Je reproduirai, ici et plus loin, dans l’ordre où le Bulletin les publia, les nouvelles, fausses et vraies, ainsi que les appréciations des amis et des ennemis.

On lit ce qui suit dans le Bulletin du 15 avril :

« Il paraît, d’après les journaux, qu’un mouvement socialiste armé a éclaté dans la province de Bénévent (ancien royaume de Naples), au cœur même des Apennins. N’ayant reçu jusqu’à présent de nos correspondants d’Italie aucun renseignement direct, nous ne pouvons que reproduire, sous toutes réserves, les nouvelles données par la presse bourgeoise.

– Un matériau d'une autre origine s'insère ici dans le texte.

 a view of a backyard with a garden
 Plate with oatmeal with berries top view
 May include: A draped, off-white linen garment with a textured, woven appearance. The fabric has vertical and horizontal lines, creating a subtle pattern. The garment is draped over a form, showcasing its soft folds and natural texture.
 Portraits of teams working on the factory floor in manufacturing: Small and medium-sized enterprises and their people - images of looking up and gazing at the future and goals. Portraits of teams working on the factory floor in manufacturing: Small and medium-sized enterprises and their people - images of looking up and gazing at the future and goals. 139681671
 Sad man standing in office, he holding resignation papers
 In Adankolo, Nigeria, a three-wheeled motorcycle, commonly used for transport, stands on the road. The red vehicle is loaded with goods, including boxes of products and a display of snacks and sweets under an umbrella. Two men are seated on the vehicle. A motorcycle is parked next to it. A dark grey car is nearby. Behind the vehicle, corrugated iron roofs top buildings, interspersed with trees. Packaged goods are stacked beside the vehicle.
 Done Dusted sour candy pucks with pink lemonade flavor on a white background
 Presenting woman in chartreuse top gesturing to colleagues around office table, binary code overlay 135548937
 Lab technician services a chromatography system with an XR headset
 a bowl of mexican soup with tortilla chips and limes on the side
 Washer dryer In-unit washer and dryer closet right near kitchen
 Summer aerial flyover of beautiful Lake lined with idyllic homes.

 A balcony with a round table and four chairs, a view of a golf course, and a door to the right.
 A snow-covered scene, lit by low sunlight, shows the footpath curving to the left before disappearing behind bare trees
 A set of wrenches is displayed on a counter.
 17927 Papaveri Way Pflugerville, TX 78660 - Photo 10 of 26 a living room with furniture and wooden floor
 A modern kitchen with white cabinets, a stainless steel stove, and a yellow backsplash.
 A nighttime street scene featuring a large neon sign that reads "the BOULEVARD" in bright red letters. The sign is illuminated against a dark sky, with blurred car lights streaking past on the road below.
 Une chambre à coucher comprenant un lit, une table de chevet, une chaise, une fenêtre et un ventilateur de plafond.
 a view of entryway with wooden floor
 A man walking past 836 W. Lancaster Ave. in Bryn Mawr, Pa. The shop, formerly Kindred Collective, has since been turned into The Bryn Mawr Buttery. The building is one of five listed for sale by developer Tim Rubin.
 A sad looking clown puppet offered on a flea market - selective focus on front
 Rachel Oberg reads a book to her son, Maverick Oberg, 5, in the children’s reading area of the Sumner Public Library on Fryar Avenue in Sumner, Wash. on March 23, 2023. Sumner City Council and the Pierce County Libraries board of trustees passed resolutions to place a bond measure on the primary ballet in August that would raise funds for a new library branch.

« Les dépêches du 9 courant disaient que c’était à Cerreto, province de Bénévent, que les internationaux armés avaient fait leur apparition, et qu’ils s’étaient divisés en deux bandes. L’une de ces bandes, forte d’une trentaine d’hommes, et commandée par Cafiero, serait entrée le 8 dans le petit bourg de Letino, près de Piedimonte d’Alife, [province de Caserte,] aurait occupé la mairie et mis le feu aux archives. L’Opinione annonçait que cette bande avait été ensuite mise en déroute, et qu’on lui avait fait plusieurs prisonniers, parmi lesquels son chef Cafiero.

« En outre, la police, disait-on, aurait arrêté le 8, à Pontemolle près de Rome, dix-huit internationaux qui paraissaient vouloir se former en bande et tenir la campagne.

« Le lendemain, la nouvelle donnée par l’Opinione, que la bande apparue à Cerreto avait été défaite, était démentie,

» L’Italie annonçait, le 10, que cette bande, après avoir brûlé les archives de Letino, était allée à Gallo, où elle a pillé la caisse du percepteur et brûlé la maison commune ; elle s’est ensuite dirigée sur Capriati ; mais, la population ayant pris les armes pour lui résister, les insurgés se sont retirés.

» Outre Cafiero, disent les dépêches du 10, Malatesta et Ceccarelli font aussi

  1. On m’a raconté que, redoutant des vengeances, il s’était réfugié en Amérique en changeant de nom.